Sorry to drag up an older post, but I'm running into problems with renewing my passport by mail as well.

I tried to get my brother, located in the US, to send me an International Money Order from the USPS, but when finally finding someone who had ever heard of such a thing, they were at a loss on how to give him an "International" money order for the UK as it is not on some sort of approved list. When they were informed it was for the US government they suggested a "Domestic" money order instead. I told my brother to forget it at that point as things were too messy.

It occurred to me that I could get a Banker's Draft from HSBC, as I thought it had branches in the US, but I guess HSBC in the US is a subsidiary so I'm not sure if that would count.

I'm at a complete loss here. I really am loathe to take a day off work and spend hours (and pounds) on the train back and forth to London just so I can pay with a card; surely being completely unable to renew your passport via mail in the UK is not the intent of these payment restrictions?


----------



## nyclon (Apr 3, 2011)

Unfortunately, if you want to apply by post your only choices are:

International Money Order to the exact U.S. dollar amount made payable to the “United States Disbursing Officer”; or

Banker’s Draft drawn in U.S. dollars only on a bank with branches in the United States made payable to the “United States Disbursing Officer"

HSBC UK cannot issue a US Banker's draft. 

International Money Order:

https://www.usps.com/international/money-transfers.htm


----------



## WolfLord (Jul 24, 2012)

Yes, like I said I tried to get an International Money Order from USPS but was told they can't give me an International Money order for the UK or the US.

Does the US even have the concept of a Banker's Draft? I'd never heard of it before. I could get my brother to go to a US bank and ask for a Banker's Draft and potentially ship that out to me. I guess it might be called a "Teller's check"?

This is a real mess.


----------



## nyclon (Apr 3, 2011)

Try another branch of the post office?

I belong to an expat group where this has been a hot topic of discussion recently. Members have had no problem obtaining a banker's draft or an international money order from the US with the help of friends/family or if they happen to be in the US.

The reason they have gone this way is there were concerns about the security of credit card numbers being sent through the post.

And yes, I agree, it's annoying.


----------



## WolfLord (Jul 24, 2012)

Alright, thanks. I hate having my family get the runaround for this nonsense, I may just end up going to London.

I understand that credit card numbers going through the post isn't great, but this all feels like a step backwards.


----------



## nyclon (Apr 3, 2011)

Agreed.
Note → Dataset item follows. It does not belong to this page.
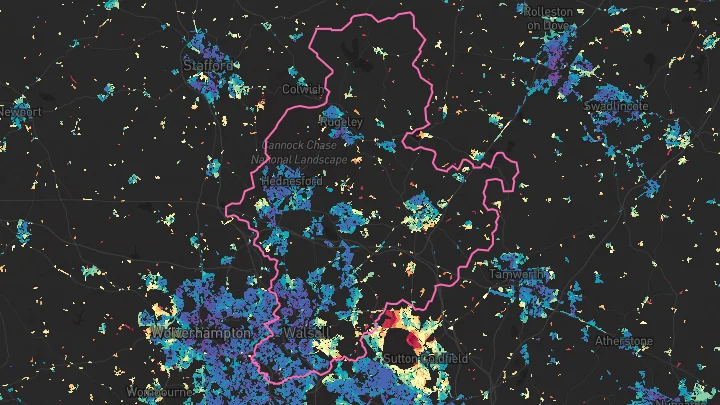 House price heatmap showing property values across Walsall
I think pretty much everything else like visa processing is handled electronically at the Embassy.

On the plus side, I've heard that the new Embassy is quite something.


----------



## HenryThor (Apr 4, 2018)

This really is a colossal PITA: the only solutions I have are to get a friend to go to her bank in the US, get a Teller's Check, and mail it to me (after having to explain why I can't sort this out at my bank/online and why this needs to be her job!) or to have an overnight trip to London as all appointments for the next six weeks are too early for me to get there by same-day train. And the embassy's argument is that this is because it's insecure to send my credit card number by post? Even though they only allow me to send it to them by DX, their chosen courier, and it's fine for them to have my passport? Good grief!


----------



## cosmicnexus (Apr 25, 2018)

*Clearing some confusion*



WolfLord said:


> Alright, thanks. I hate having my family get the runaround for this nonsense, I may just end up going to London.
> 
> I understand that credit card numbers going through the post isn't great, but this all feels like a step backwards.


This is obviously a bit late for the OP, but should be helpful to others coming across this thread...
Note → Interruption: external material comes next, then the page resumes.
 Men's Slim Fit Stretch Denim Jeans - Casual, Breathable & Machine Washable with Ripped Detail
If you are obtaining a money order in USA for payment to USA Government in USD you are not seeking an international money order, but a domestic money order which will be sent to you so it can be used for your passport renewal by the government passport office in the USA.

If you are obtaining a money order in UK that must be in USD then that is an international money order. 
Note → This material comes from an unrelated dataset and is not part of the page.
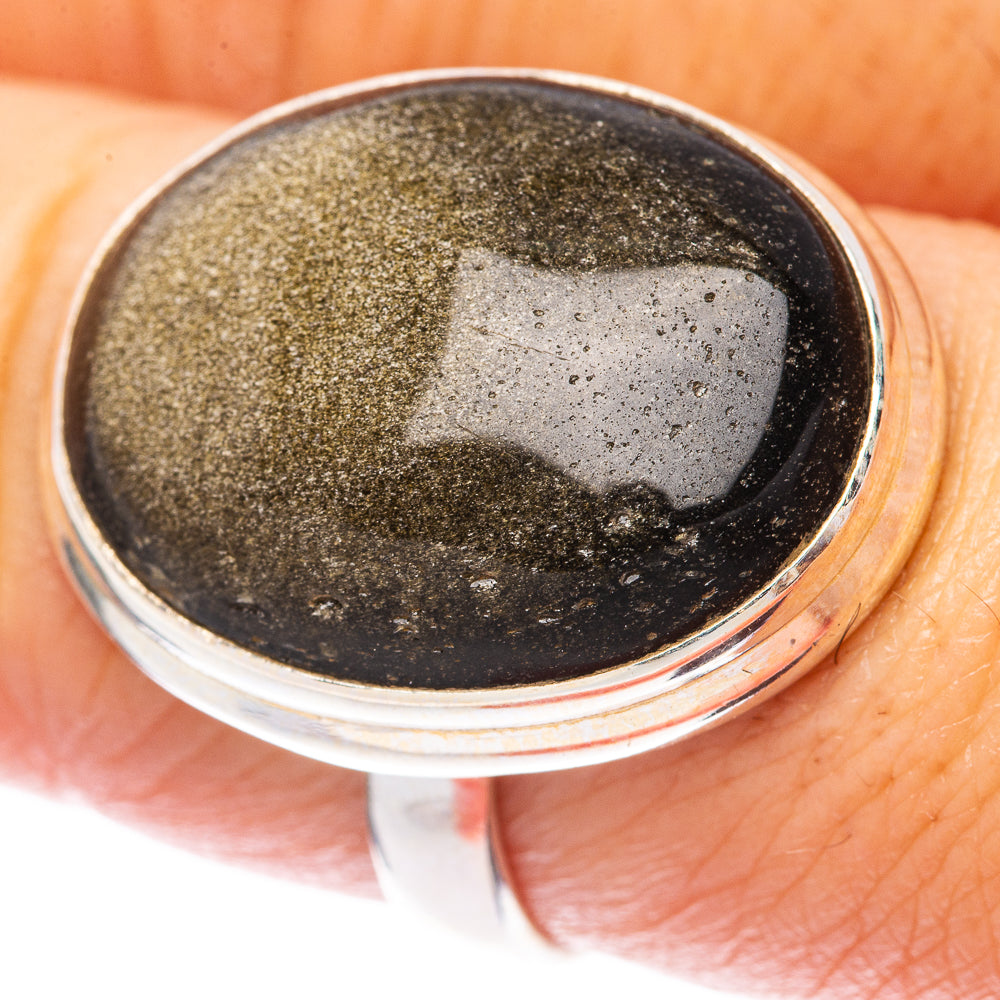 Golden Sheen Obsidian Ring Size 8.25 (925 Sterling Silver) R1621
Therefore your family could have gotten the domestic money order payable in USD and sent it to you and that would have worked. 

All they are concerned about is:

1. It's an instrument that is guarantees the money when it's cashed (ie can't bounce or have a stop pay put on it)

2. It's payable in USD at a US based bank so they do not incur foreign transaction or currency conversion charges and lose some of their fee.

Hope that helps.


----------



## Nathandelabrum (Apr 30, 2018)

Cosmicnexus - is that definitely correct? I need to renew my passport soon and it seemed to me that a money order was the easiest and clearest option, but I too read that USPS won’t send an international money order to the UK. But if a family member back home was to have a domestic money order made to be sent to the UK, that would be acceptable?


----------



## nyclon (Apr 3, 2011)

Yes, it's correct. Your UK bank may issue an international money. If you bank with HSBC, Lloyd's or NatWest they apparently do international money orders but only for customers.


----------



## chattywolf (May 10, 2018)

cosmicnexus said:


> This is obviously a bit late for the OP, but should be helpful to others coming across this thread...
> 
> If you are obtaining a money order in USA for payment to USA Government in USD you are not seeking an international money order, but a domestic money order which will be sent to you so it can be used for your passport renewal by the government passport office in the USA.
> 
> ...


I am an American in London in this situation. After reading advice here and elsewhere I've asked a family member to draw out a 'banker's check' for me from a US bank made out to the 'United States Disbursing Officer.' This meets the above conditions. 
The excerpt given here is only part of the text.